According to reliable histories, a mob of white men in 1946 shot and killed two young African American couples near Moore’s Ford Bridge in Walton County, Georgia, 60 miles east of Atlanta. This murder of four young sharecroppers, one a World War II veteran, shocked most of the nation, but went unpunished. It was a key factor in President Harry Truman’s decision to push civil rights legislation. But for decades a thick cotton curtain—white Southern senators—blocked the way.
I later asked Rickey directly if he thought that in 1946 a mob of night riders in Sanford, Florida, Celery City, USA, might have lynched Jackie and Rachel Robinson. Rickey took in the question carefully and paused before he responded. “From reports that reached me,” he said, slowly, “that was not entirely beyond the realm of possibility.”
Although Daytona Beach was relatively safe, Robinson’s problems with violent Floridians persisted. When the Royals traveled 20 miles to DeLand for a game against Indianapolis, Robinson singled in the first inning, stole second and slid home on another single.
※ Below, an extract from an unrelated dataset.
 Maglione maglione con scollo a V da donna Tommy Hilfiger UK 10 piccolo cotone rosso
As he was dusting himself off, a local policeman burst onto the playing field and said, “Get off the field right now, or I’m putting you in jail.”
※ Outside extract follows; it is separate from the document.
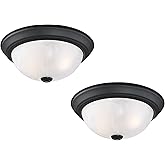 Design House, 2 Pack, 2-Light Indoor Dimmable Ceiling Light, Alabaster Glass Shade, Matte Black, 11.25 in W x 4.75 in H, Inte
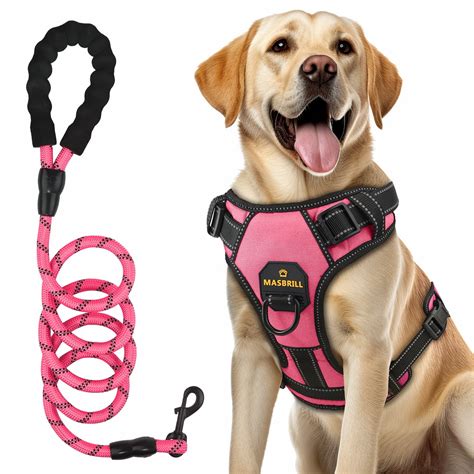 MASBRILL Dog Harness and Leash Set Reflective Adjustable Soft Padded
Robinson told me his first reaction was to laugh. “Ridiculous,” he said. “I thought the cop was just ridiculous.” But the crowd in the
stands rose to its feet. The Indianapolis players on the field stood stock-still. Clay Hopper, the Montreal manager, said to the policeman, “What’s wrong?”
The cop responded with a speech. “We ain’t having niggers mix with white boys in this town. You can’t change our way of livin’. Niggers and whites, they can’t sit together and they can’t play together and you know damn well they can’t get married together.”
Hopper had no answer.
“Tell your nigger to git,” the policeman said. He put one hand on his Colt .45. Robinson left silently. He spent the next few hours sitting alone on the team bus. DeLand city officials ordered the next Montreal–Indianapolis game canceled because “the ballpark lights are out of order.” The canceled game was scheduled for an afternoon.
♦ ♦ ♦ ♦ ♦
ROBERT CLAY HOPPER, A NATIVE of Porterville, Mississippi, a longtime successful minor-league manager, was undergoing a crisis of his own. When he heard Robinson had signed with Montreal he sought out Rickey. “Please don’t do this to me, Mr. Rickey,” Hopper said. “I’m a white man, been living in Mississippi all my life. I got a fine plantation there. If you do this to me, Mr. Rickey, you’re gonna force me to move out of Mississippi.”